Pourriez-vous nous parler de votre distribution et de votre méthode de travail avec vos acteurs ?
Alex Loukos : La distribution a été tout un défi compte tenu du bassin assez restreint de comédiens francophones dans la région torontoise.
Je savais que je voulais travailler avec Louise Naubert. Je pressentais que le rôle d’Anne pouvait lui plaire et qu’elle serait à même d’apporter une contribution significative, étant elle-même actrice, comédienne et metteure en scène de théâtre. Je lui ai donc proposé, et, j’ai été heureux de voir qu’elle se montrait intéressée. Pour ceux et celles qui ne connaissent pas Louise Naubert, elle est codirectrice artistique du Théâtre La Tangente depuis plus d’une douzaine d’années et lauréate du Prix John Hirsch de mise en scène 2011. Il faisait aucun doute pour moi qu’elle était la personne idéale pour incarner le rôle de la metteure scène surmenée qui s’accroche coûte que coûte à sa pièce.
Ce que j’ai trouvé particulièrement intéressant avec la distribution, c’est que tous les acteurs venaient d’horizons assez divers.
J’ai ensuite eu un coup de cœur pour Francesca Bàrcenas, fraichement arrivée de Montréal au moment des auditions et que l’on a pu d’ailleurs voir, dans différentes séries québécoises. Elle a été vraiment parfaite dans son rôle.
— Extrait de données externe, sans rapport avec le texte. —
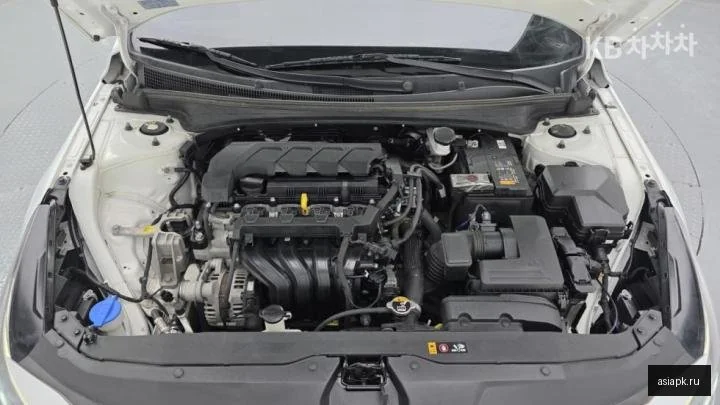 Peugeot 408 5
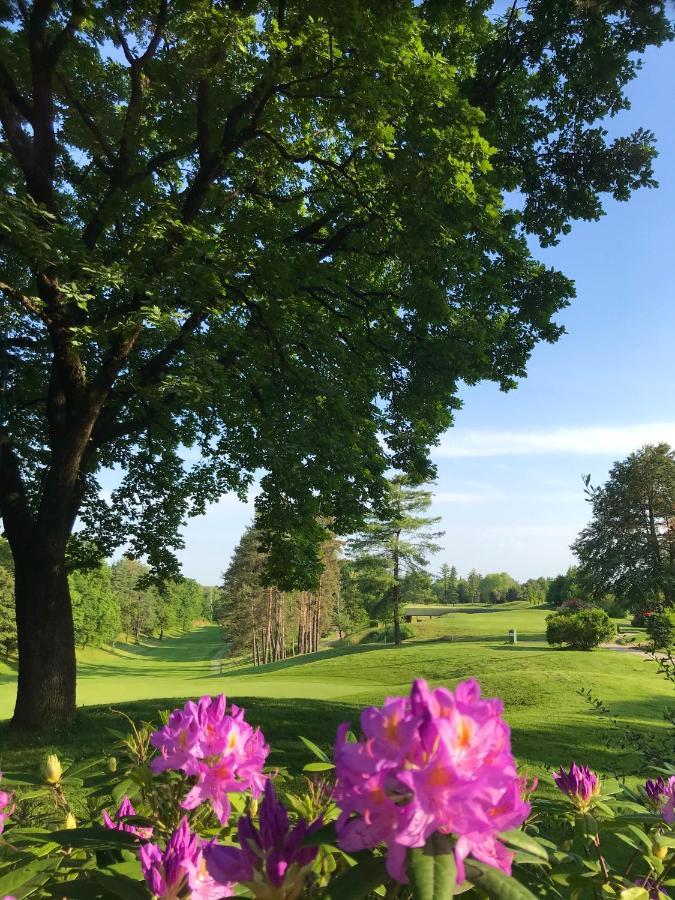 Golf Hotel La Pinetina Appiano Gentile Eksteriør bilde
Pour sa part, Bruno Verdoni est un acteur très expérimenté. Il a un gros curriculum vitae en cinéma, télévision, théâtre, aussi bien à Montréal, Vancouver, Los Angeles, New York, et maintenant, à Toronto. C’est quelqu’un qui a su apporter son savoir-faire et beaucoup d’assurance sur le plateau du tournage.
Ziad Ek est lui, un jeune comédien tout frais émoulu de son école. Sa contribution a été pour moi un vrai coup de chance. En effet, j’avais un mal fou à trouver un comédien francophone d’origine arabe ou du Moyen-Orient qui puisse jour le rôle de Karim et c’est Joël Beddows, directeur artistique du TfT, qui me l’a vivement recommandé.
Enfin, j’ai travaillé avec Michel Scotta Delorme qui n’est pas vraiment un comédien puisqu’il est musicien, mais son aisance sur scène et avec la caméra convenait très bien à son rôle sans dialogue. Je n’ai pas rencontré de difficulté majeure quant à sa direction. L’essentiel étant qu’il reste le plus naturel possible.
Je dois avouer que je n’ai pas de réelle méthode de travail avec mes acteurs puisque mon expérience en termes de direction est assez restreinte.
J’ai bien eu l’occasion de suivre quelques ateliers et de lire des ouvrages sur le sujet pour me doter d’outils supplémentaires, mais, il n’y a pas de secrets, c’est sur le tas que l’on apprend et ce n’est qu’un film à la fois, que l’on peut appréhender les choses, et prendre du métier.
Je dois également dire que nous avons fait face à de grands défis et j’ai dû, en dernier recours, me fier à mon intuition et au questionnement de mes acteurs. Dès qu’il y avait quelque chose de pas clair dans leurs esprits, j’essayais de répondre le mieux possible et, s’ils se sentaient à l’aise avec leur personnage, je les laissais faire.
Nous avons, tout d’abord, été confrontés au manque de temps consacré aux répétitions, et ce, pour des questions budgétaires. J’aurais tellement aimé pouvoir travailler plus en profondeur avec mes comédiens avant le tournage, même si, dans l’ensemble, tout s’est relativement bien passé. Bruno Verdoni, par exemple, n’a pas pu venir aux répétitions, car il était en tournage sur une autre production. Les autres acteurs ne l’ont donc découvert qu’au moment du premier jour du tournage. Les interactions entre eux (dynamique entre les personnalités et énergies dégagées) se sont donc faites plus lentement et nous avons mis un peu plus de temps à trouver nos marques et notre vitesse de croisière.
L’autre grand défi provient du scénario lui-même. Les quatre acteurs principaux jouaient des rôles de comédiens en train de répéter une pièce, ce qui ne posait, à priori, aucun problème en soi. Cependant, étant donné que le film et le scénario reposaient sur un assemblage de fragments d’histoires, il n’était peut-être pas si évident pour eux de cerner, en un si court laps de temps, toute la continuité de la psychologie de leur personnage. Mais, il me semble qu’au final, rien ne transparaît.
Enfin, je dirais que c’est toujours extraordinaire de voir comment les acteurs apportent des éléments qui ne se trouvent pas dans le scénario et cela rend le travail vraiment intéressant.